1. Popular example: If you weigh it three times in a row on another scale and the readings are the same, it means that this scale is reliable. However, if the three consistent readings are not accurate, it means that the scale is not effective enough or not. At this time, another weighing scale was used, and three consecutive readings were consistent and accurate, indicating that this scale is reliable and effective.

Second, learning-related examples: a very simple math test, many subjects answered correctly, indicating that the math test is reliable, but it can't test the math ability of the subjects. If we change a set of data test questions with moderate difficulty, the number of correctly answered questions in many subjects may be different.
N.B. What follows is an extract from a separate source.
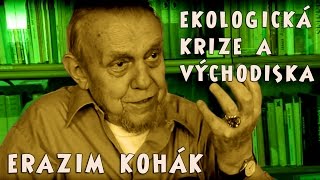 Erazim Kohák Ekologická krize a východiska [upl. by Ikairik]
If the scores of these subjects can be divided into good, medium and poor, we can think that the test questions have good validity.

It refers to using the same measuring tool to measure the same group of subjects repeatedly at a certain interval to investigate the correlation between the two measurement results. Correlation analysis can be directly used, and the obtained correlation coefficient is the retest reliability coefficient.
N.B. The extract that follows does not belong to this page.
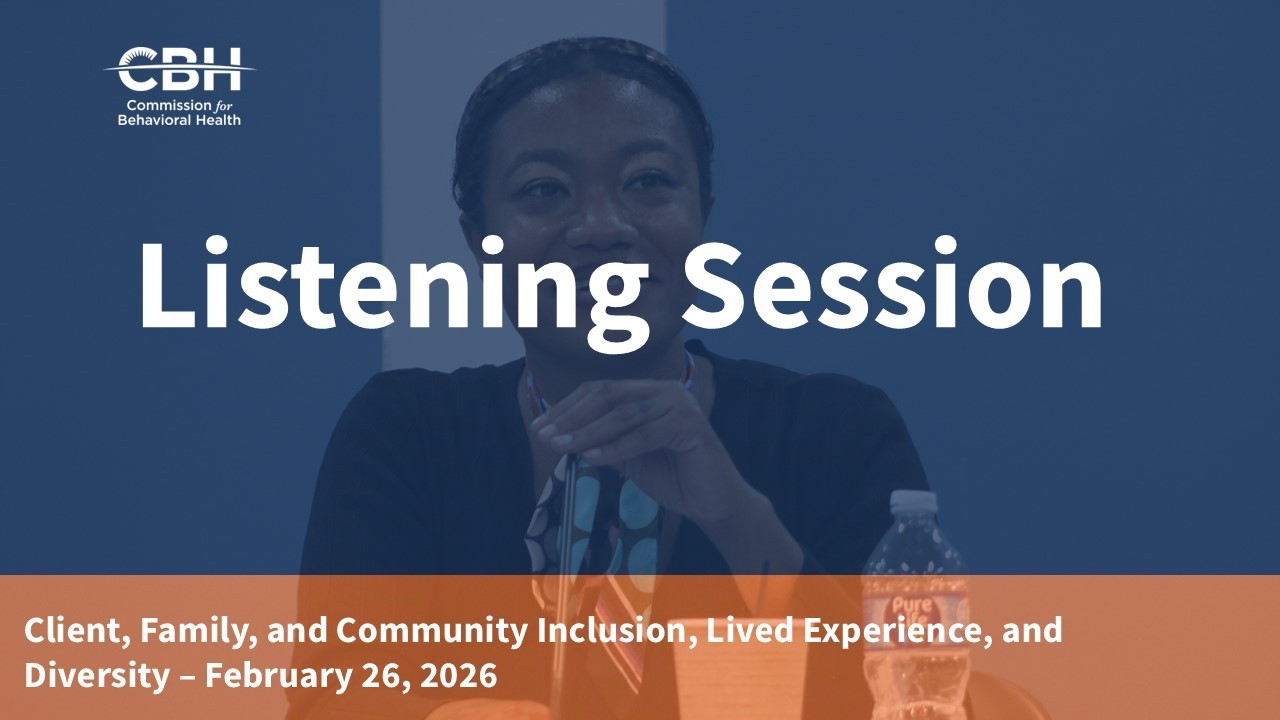 Client, Family, & Community Inclusion, Lived Experience, & Diversity Listening Session - 2/26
It means that the same group of subjects fill in two parallel questionnaires at a time and calculate the correlation coefficient of the two data. The reliability of duplicate requires that the two questionnaires should be identical except for different questions, which is difficult to operate in practice.

It refers to dividing a questionnaire into two parts and calculating the correlation coefficient between the two parts, that is, the semi-reliability coefficient, so as to measure the reliability of the whole questionnaire.

It is the most commonly used method to measure the reliability of internal consistency. The calculated Cronbach α coefficient is the average of all possible semi-reliabilities, and the value is between 0- 1. The higher the coefficient, the better the consistency, indicating the higher the authenticity of the data. α coefficient is the most important index to test the authenticity of questionnaire data.

It is a qualitative evaluation standard, mainly judged by experience, mainly by experts and experienced insiders. You can also use the questionnaire in a small scale before it is officially used, and modify the items according to the results to illustrate the effectiveness of the questionnaire. Generally speaking, content validity does not need to be analyzed by SPSS, but needs the guidance of experts and authoritative teachers, pre-test the revision process, and finally explain the content validity of the questionnaire.

Refers to the corresponding relationship between measurement items and measurement direction.

The measurement result is artificially designated as the "accuracy standard", and whether other results to be measured are consistent with it is investigated. For example, the multiple-choice questions in the test paper will have accurate answers, so the correct rate of each question is the effectiveness of this lesson on this question.